All records below should be repeated exactly, with the pictures left out.

"""

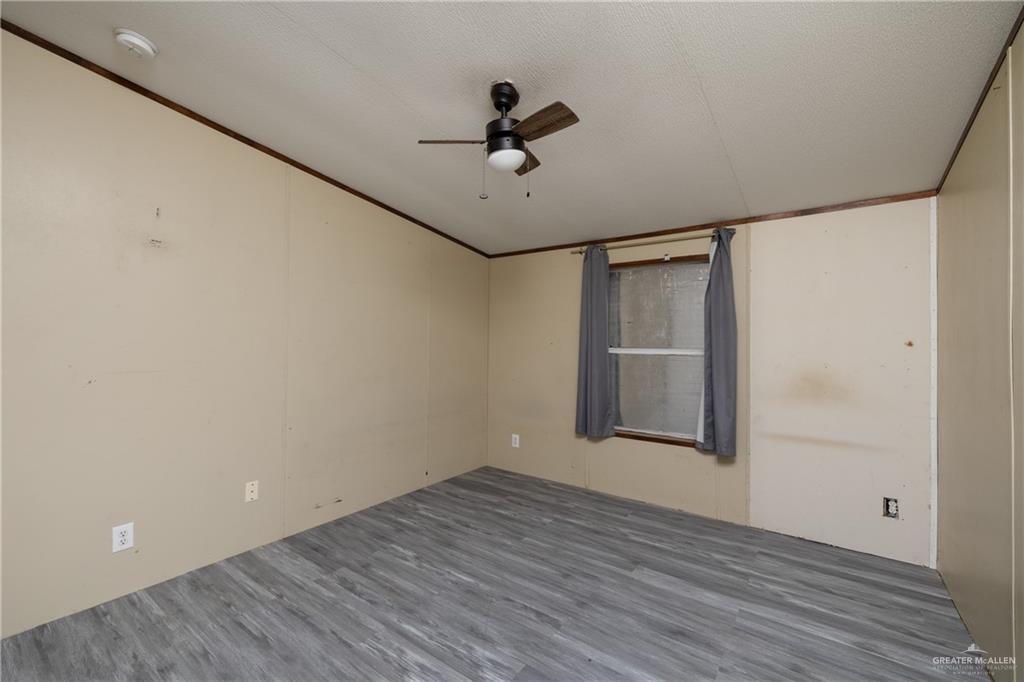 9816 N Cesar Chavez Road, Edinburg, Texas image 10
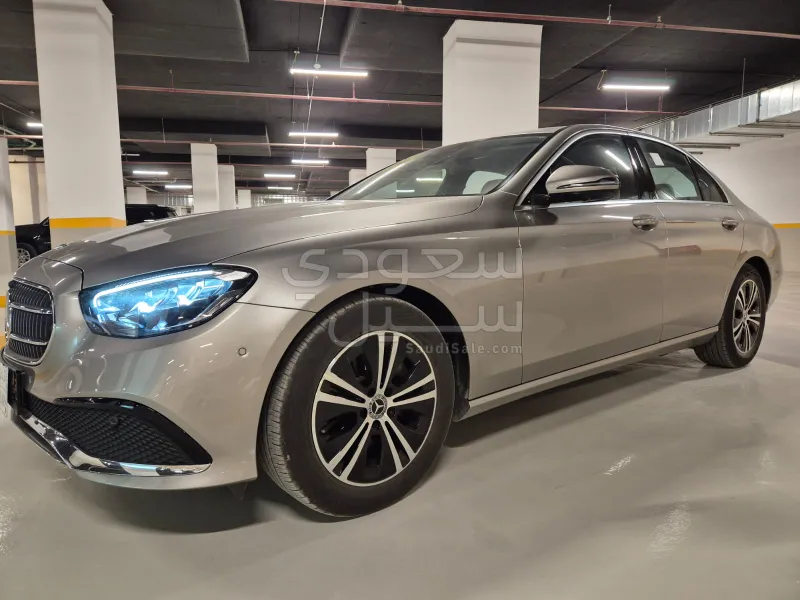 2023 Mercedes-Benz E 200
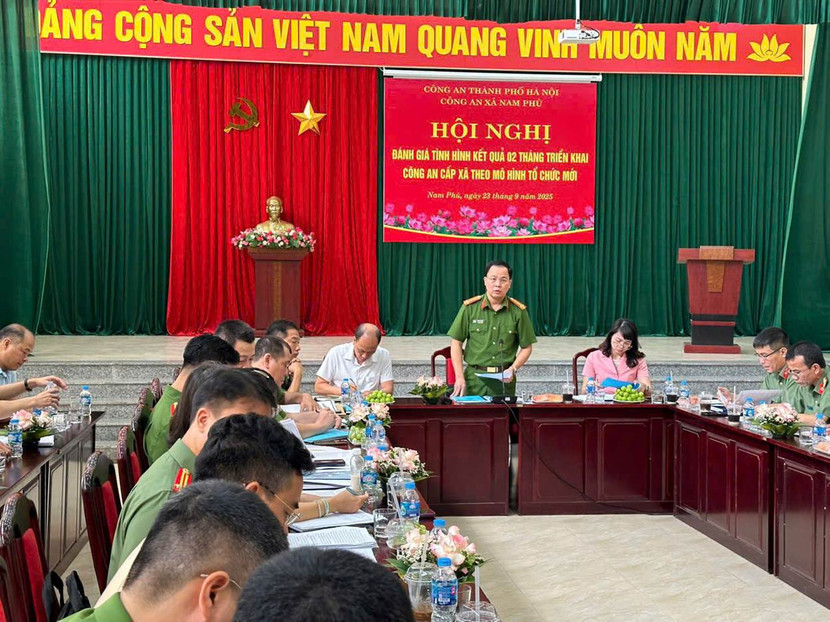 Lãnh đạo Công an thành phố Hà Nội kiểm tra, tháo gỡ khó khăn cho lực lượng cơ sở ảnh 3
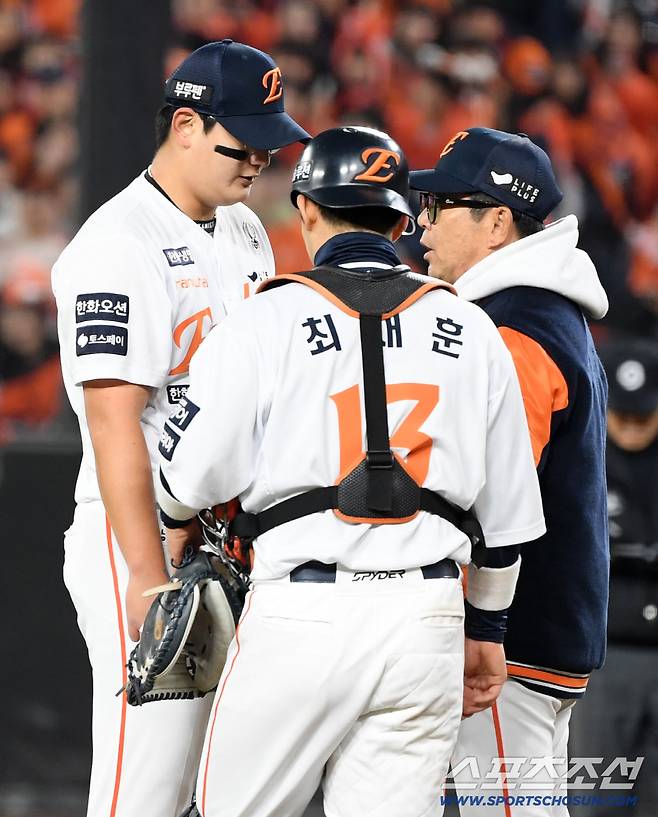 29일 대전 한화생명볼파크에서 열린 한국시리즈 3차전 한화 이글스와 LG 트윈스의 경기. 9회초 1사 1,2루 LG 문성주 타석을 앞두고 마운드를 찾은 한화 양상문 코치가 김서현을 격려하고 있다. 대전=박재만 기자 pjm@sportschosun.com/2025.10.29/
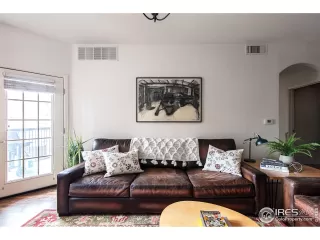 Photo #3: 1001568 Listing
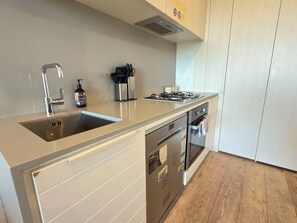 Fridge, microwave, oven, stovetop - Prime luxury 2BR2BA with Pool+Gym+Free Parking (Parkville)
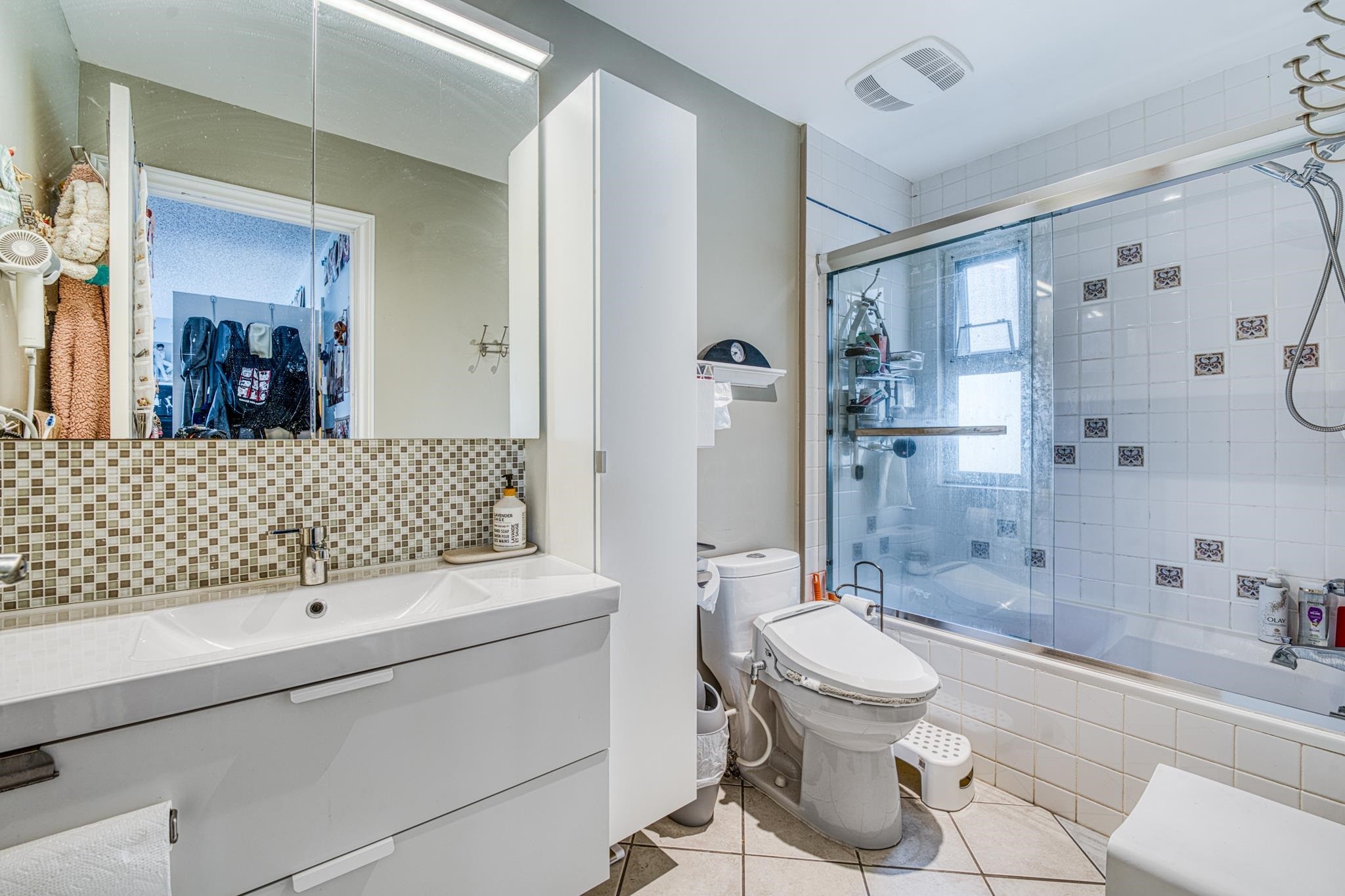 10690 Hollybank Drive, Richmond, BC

"""

_Task answer_.
 9816 N Cesar Chavez Road, Edinburg, Texas image 10
 2023 Mercedes-Benz E 200
 Lãnh đạo Công an thành phố Hà Nội kiểm tra, tháo gỡ khó khăn cho lực lượng cơ sở ảnh 3
 29일 대전 한화생명볼파크에서 열린 한국시리즈 3차전 한화 이글스와 LG 트윈스의 경기. 9회초 1사 1,2루 LG 문성주 타석을 앞두고 마운드를 찾은 한화 양상문 코치가 김서현을 격려하고 있다. 대전=박재만 기자 pjm@sportschosun.com/2025.10.29/
 Photo #3: 1001568 Listing
 Fridge, microwave, oven, stovetop - Prime luxury 2BR2BA with Pool+Gym+Free Parking (Parkville)
 10690 Hollybank Drive, Richmond, BC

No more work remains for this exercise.